Вернувшись к исходной теме разговора о наших отношениях, он сказал, что, вероятно, в этом же духе Шуленбург будет беседовать с Молотовым, но со своей стороны он, Риббентроп, просил бы меня передать все сказанное им в Москву, причем он желал бы знать на этот счет мнение Советского правительства. Он добавил, что не считает необходимым особенно торопиться, проявлять излишнюю спешку, поскольку вопрос серьезен, и подходить к нему надо не с точки зрения текущего момента, а под углом интересов целых поколений.
Я обещал выполнить его просьбу о передаче всего сказанного в Москву, добавив, что не сомневаюсь в том, что мое правительство готово приветствовать всякое улучшение отношений с Германией. Однако, за исключением последних недель, мы ничего, кроме враждебных заявлений, от германского правительства не слышали, сейчас как будто намечается поворот, но все же ничего определенного, конкретного, кроме общих пожеланий, мы не слышим. Между тем мне хотелось бы знать, и я думаю, это было бы интересно Москве, в каких именно формах мыслит германское правительство это улучшение отношений и имеет ли оно какие-либо конкретные предложения на этот счет.

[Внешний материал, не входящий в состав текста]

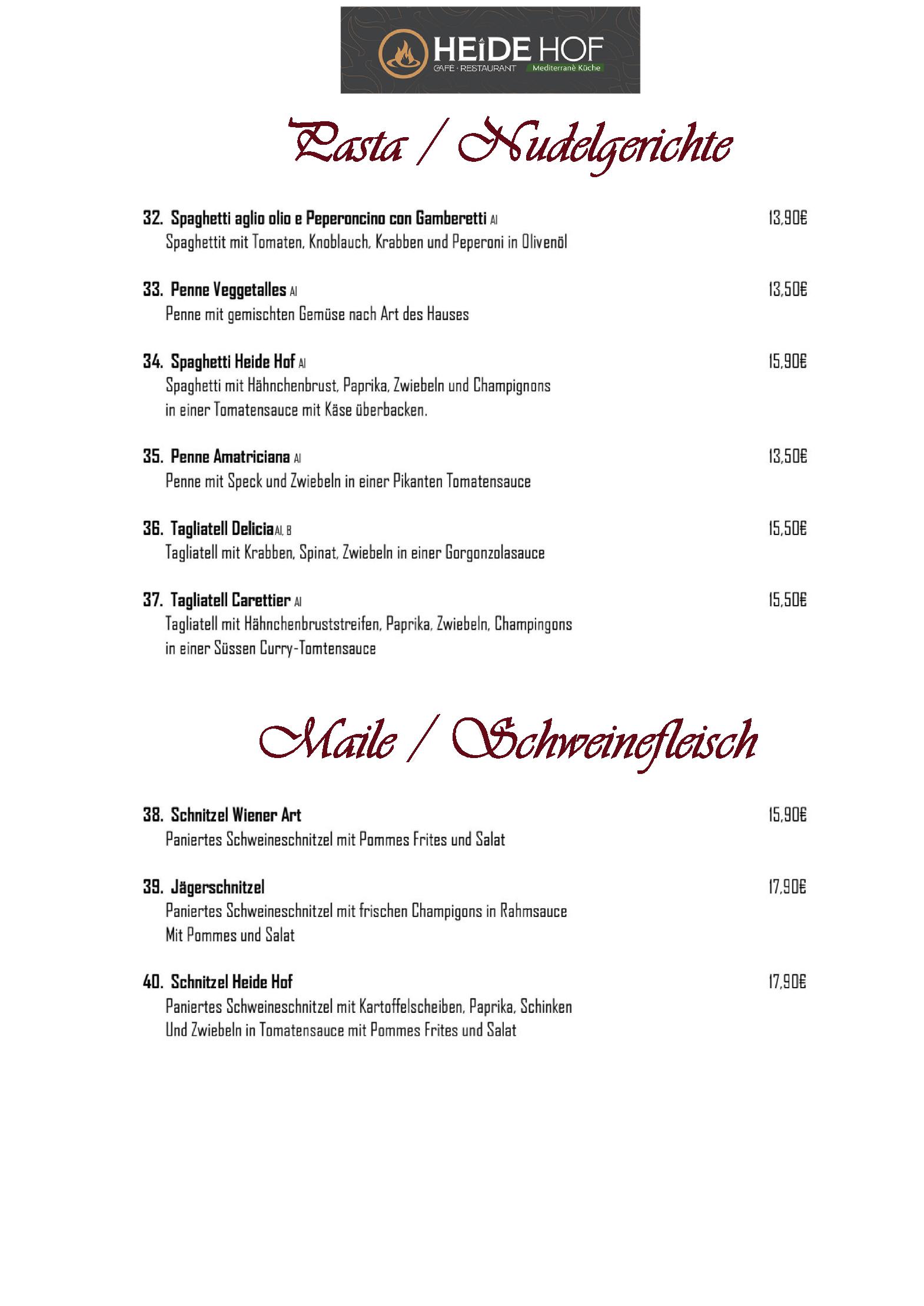 Speisekarte Restaurant Heide Hof in Kürten, Seite 5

На это Риббентроп ответил, что, прежде чем говорить о чем-либо конкретно и делать конкретные предложения, он хотел бы знать, желает ли Советское правительство вести вообще какие-либо разговоры на эту тему. Если Советское правительство проявляет к этому интерес и считает подобные разговоры желательными, тогда можно подумать и о конкретных шагах, какие следует предпринять. В частности, он хотел бы остановиться и на одном конкретном вопросе. Почти полгода тому назад он дал указание германской прессе прекратить нападки на СССР. Мы, вероятно, обратили на это внимание. Позиция германской прессы в отношении СССР радикально переменилась. Однако он, Риббентроп, не имеет впечатления, чтобы позиция советской прессы изменилась соответственно в том же направлении. Он считает, что если СССР действительно хочет улучшения отношений, то это должно найти отражение в советской прессе. Кроме того, он исходит из того, что СССР не намерен вести политику, которая шла бы вразрез с жизненными интересами Германии.

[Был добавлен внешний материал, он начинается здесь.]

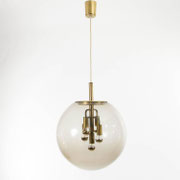 Large Smoked Hand-Blow Glass Globe Pendant by Glashütte LIMBURG, 1970s  pnmodern
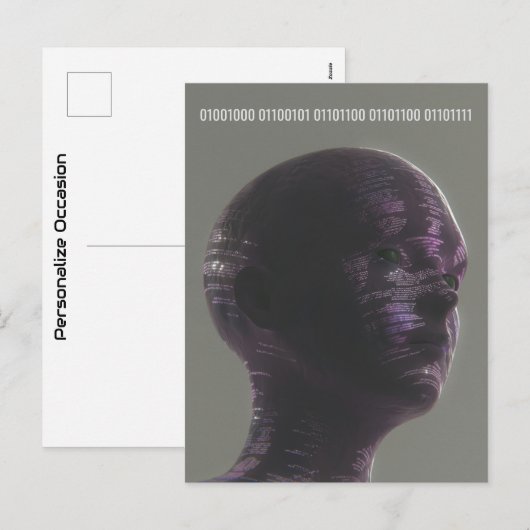 Cyber Skull Binary Hello Future Technology Design  Feestdagenkaart (Voorkant / Achterkant)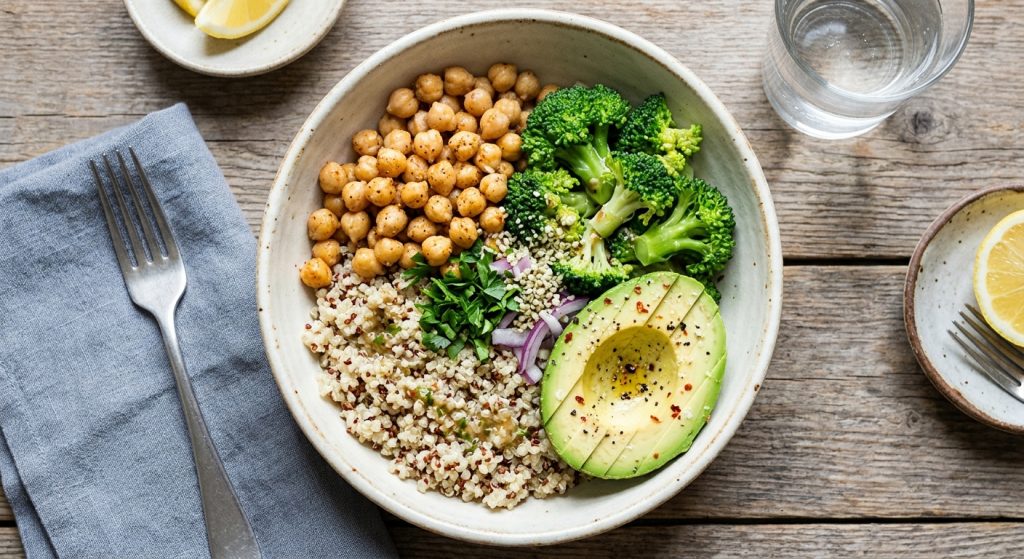 Overhead grain bowl with chickpeas, quinoa, broccoli, and avocado on a wooden table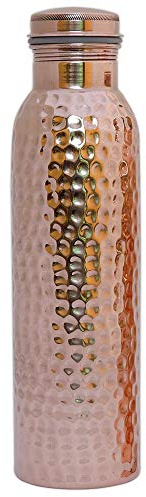 Wasserflasche aus reinem Kupfer, für ayurvedische Gesundheit, fugenfrei, auslaufsicher, von HealthGoodsEU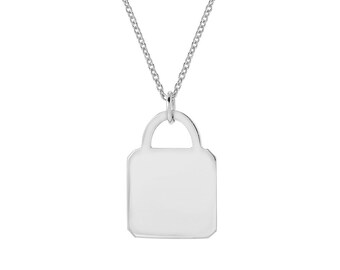 14K White Gold Lock Tag Necklace with Free Laser Engraving, Small Tag, Dainty Chain and Charm, Gold, Gift, Lock Tag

По поводу прессы я заметил, что наша пресса в отношении Германии, как государства, так и ее руководителей, всегда вела себя корректно и поэтому ей не приходится особо менять свою позицию. («Но все же…» – прервал меня Риббентроп.) Что касается второго замечания, то оно допускает весьма широкое толкование и без уточнения вряд ли сможет быть принято в качестве предпосылки улучшения отношений.
Риббентроп указал, что он не намерен придавать этому замечанию широкое толкование, но считает естественным, что при дружественных отношениях одно государство не станет вести политику, в корне противоречащую жизненным интересам другого. Впрочем, обо всем этом можно поговорить впоследствии. Сейчас же ему важно знать, интересуется ли вообще Советское правительство подобными разговорами. В утвердительном случае их можно возобновить либо здесь, либо в Москве. Не надо понимать его в том смысле, что германское правительство хочет спешить и впрягать телегу впереди коня.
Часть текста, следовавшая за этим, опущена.